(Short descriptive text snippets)

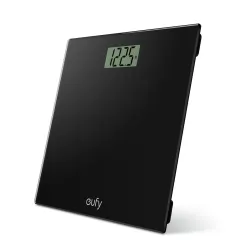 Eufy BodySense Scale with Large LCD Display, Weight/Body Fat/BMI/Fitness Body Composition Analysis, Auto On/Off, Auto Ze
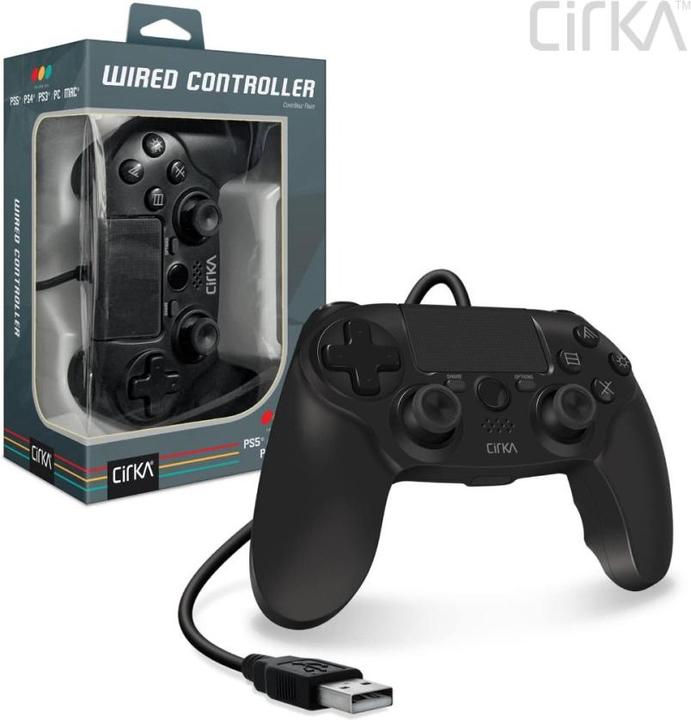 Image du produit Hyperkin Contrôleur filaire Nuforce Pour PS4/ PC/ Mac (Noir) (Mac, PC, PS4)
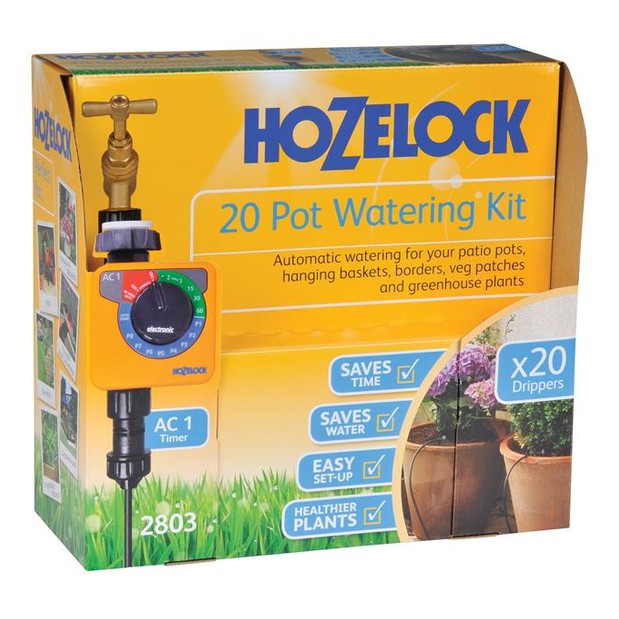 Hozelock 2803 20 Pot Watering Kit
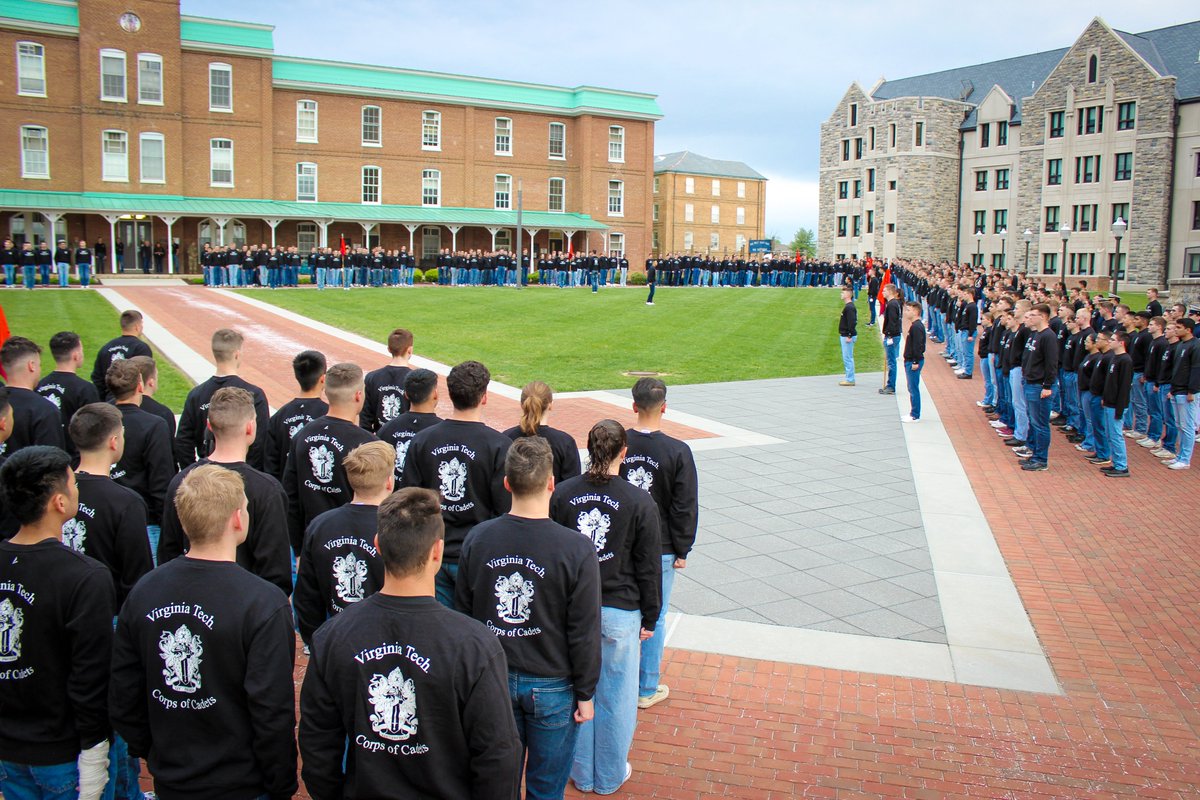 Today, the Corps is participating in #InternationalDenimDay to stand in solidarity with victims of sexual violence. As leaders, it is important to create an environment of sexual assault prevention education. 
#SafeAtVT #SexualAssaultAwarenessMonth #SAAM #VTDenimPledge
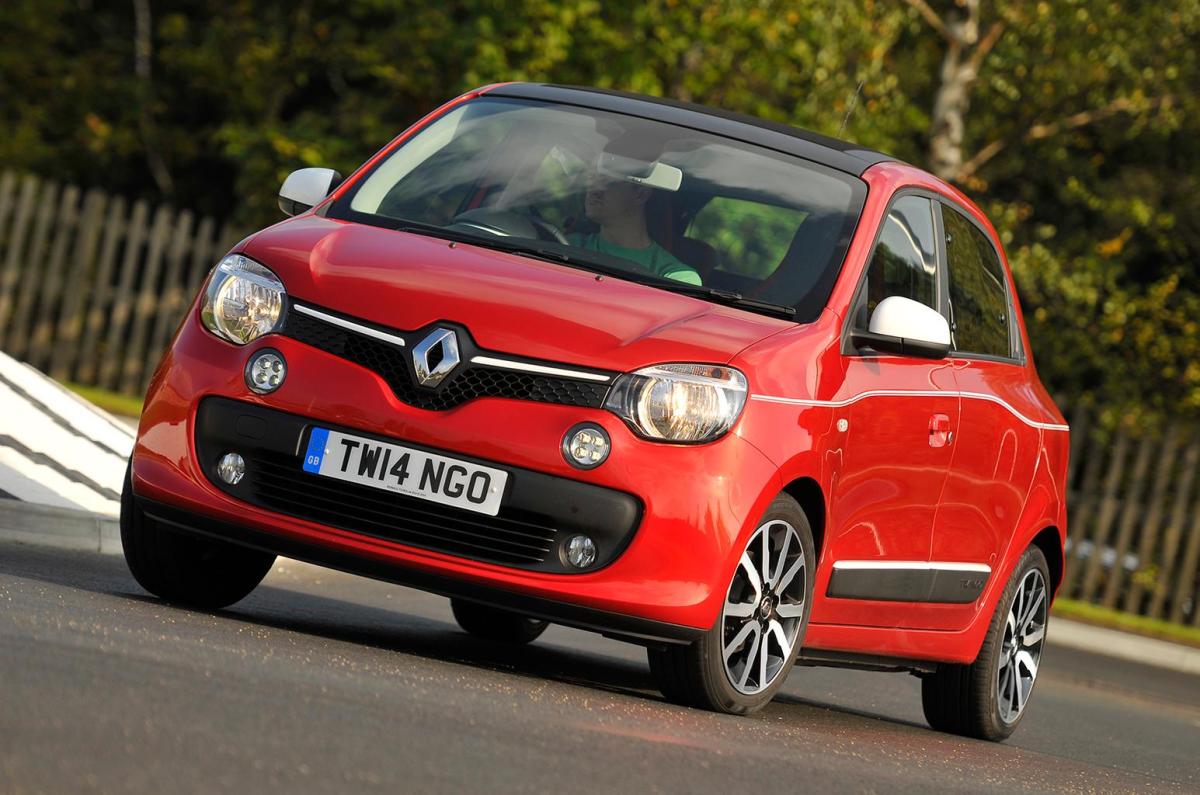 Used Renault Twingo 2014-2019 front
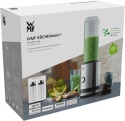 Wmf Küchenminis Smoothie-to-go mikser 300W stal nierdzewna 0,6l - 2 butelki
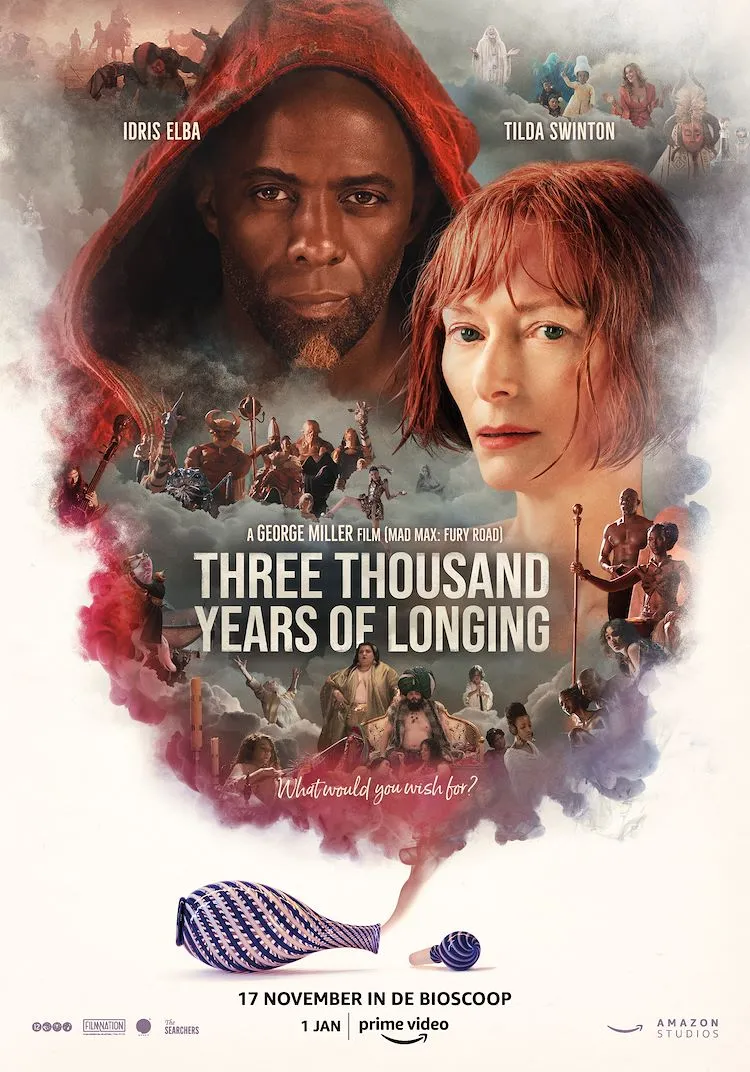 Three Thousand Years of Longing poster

[What is required] Restate the records above in full and word for word, but do not carry over any pictures.

[Exercise response]
 Eufy BodySense Scale with Large LCD Display, Weight/Body Fat/BMI/Fitness Body Composition Analysis, Auto On/Off, Auto Ze
 Image du produit Hyperkin Contrôleur filaire Nuforce Pour PS4/ PC/ Mac (Noir) (Mac, PC, PS4)
 Hozelock 2803 20 Pot Watering Kit
 Today, the Corps is participating in #InternationalDenimDay to stand in solidarity with victims of sexual violence. As leaders, it is important to create an environment of sexual assault prevention education. 
#SafeAtVT #SexualAssaultAwarenessMonth #SAAM #VTDenimPledge
 Used Renault Twingo 2014-2019 front
 Wmf Küchenminis Smoothie-to-go mikser 300W stal nierdzewna 0,6l - 2 butelki
 Three Thousand Years of Longing poster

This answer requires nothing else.